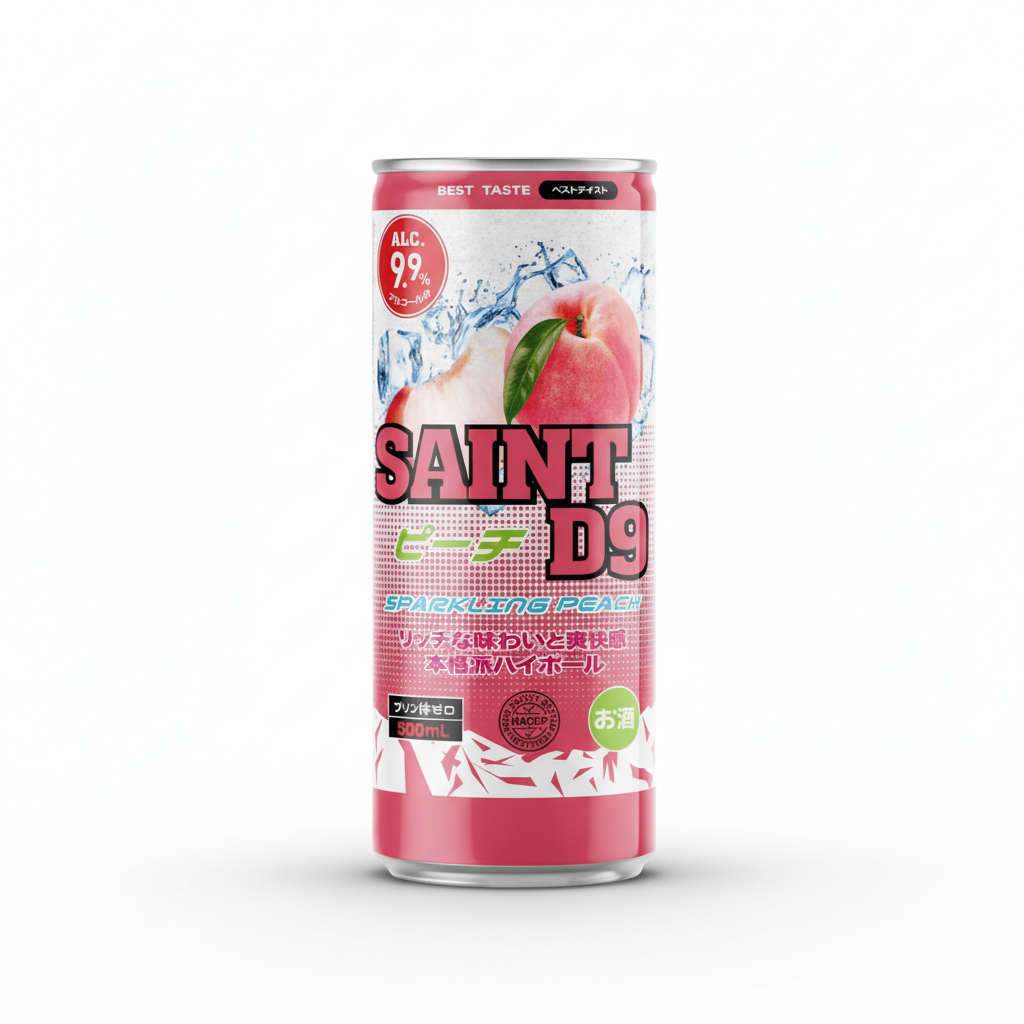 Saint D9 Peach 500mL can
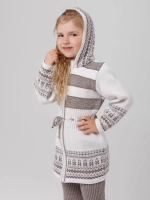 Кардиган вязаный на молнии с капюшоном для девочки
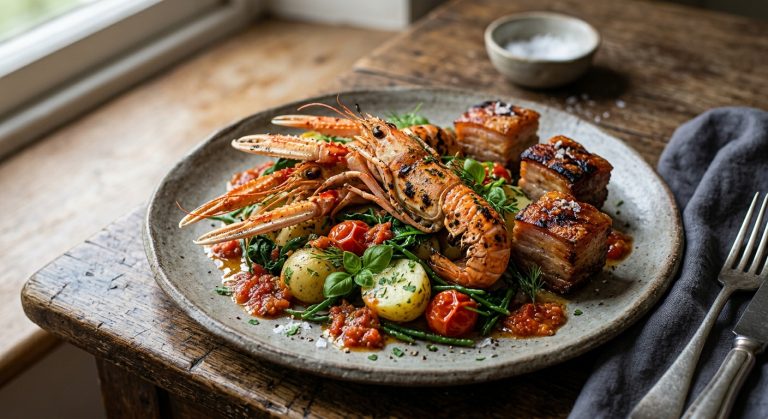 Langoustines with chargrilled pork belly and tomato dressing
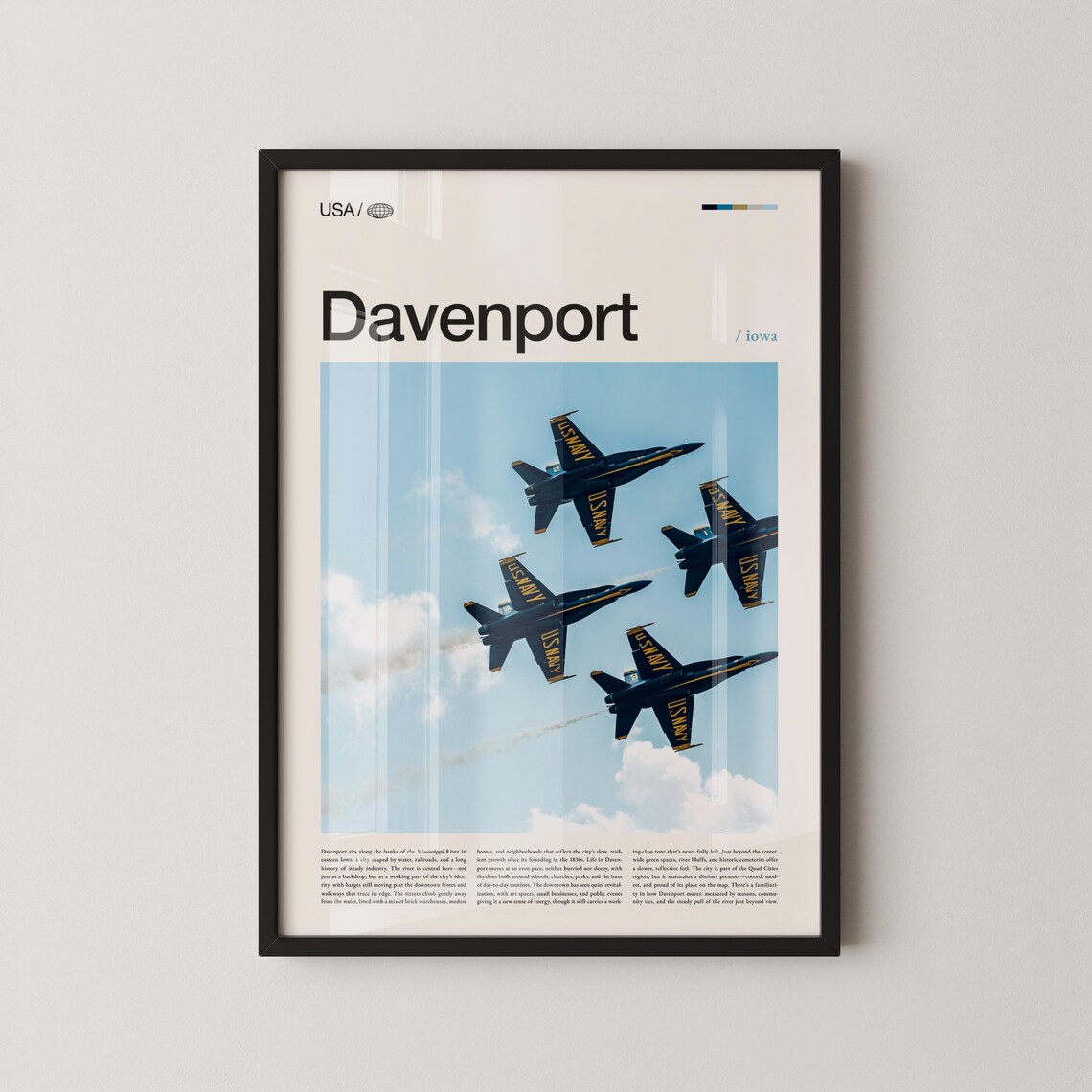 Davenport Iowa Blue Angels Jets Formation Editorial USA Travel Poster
◇ ◇ ◇ ◇
# EXERCISE DIRECTIONS:
Every line above should be output exactly, except for the pictures.

# SOLUTION TO THIS EXERCISE:
 Saint D9 Peach 500mL can
 Кардиган вязаный на молнии с капюшоном для девочки
 Langoustines with chargrilled pork belly and tomato dressing
 Davenport Iowa Blue Angels Jets Formation Editorial USA Travel Poster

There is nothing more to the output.